[Task statement] Pictures aside, repeat every record below exactly.
+---+
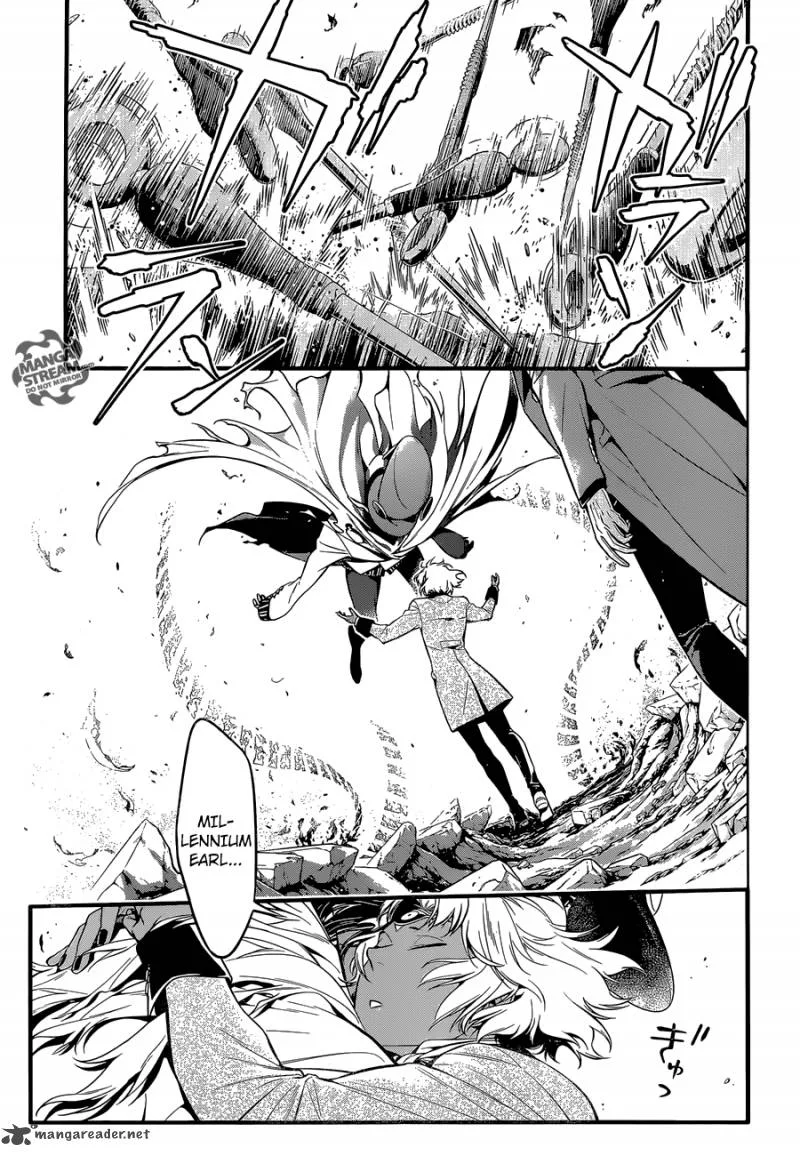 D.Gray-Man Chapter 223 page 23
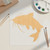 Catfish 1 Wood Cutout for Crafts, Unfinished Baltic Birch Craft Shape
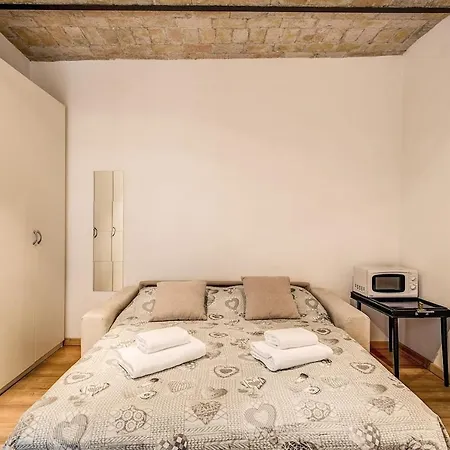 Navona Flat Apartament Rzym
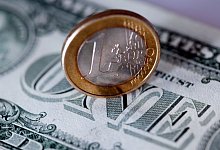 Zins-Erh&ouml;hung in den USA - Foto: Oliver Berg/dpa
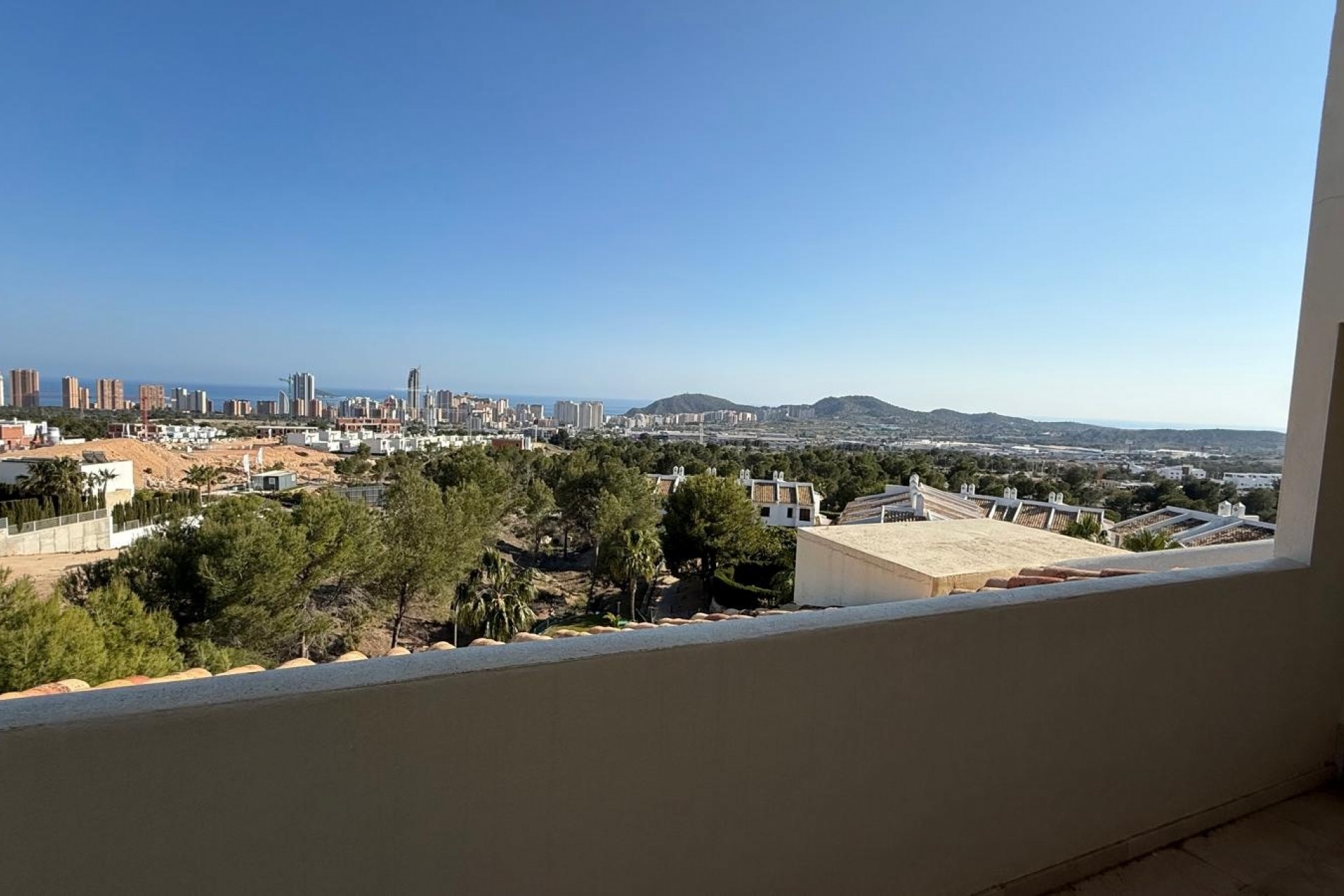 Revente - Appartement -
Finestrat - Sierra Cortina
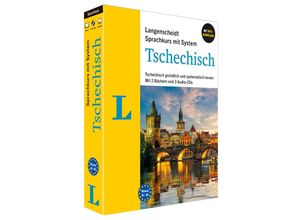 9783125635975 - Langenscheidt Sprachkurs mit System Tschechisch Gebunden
+---+
[Answer below]
 D.Gray-Man Chapter 223 page 23
 Catfish 1 Wood Cutout for Crafts, Unfinished Baltic Birch Craft Shape
 Navona Flat Apartament Rzym
 Zins-Erh&ouml;hung in den USA - Foto: Oliver Berg/dpa
 Revente - Appartement -
Finestrat - Sierra Cortina
 9783125635975 - Langenscheidt Sprachkurs mit System Tschechisch Gebunden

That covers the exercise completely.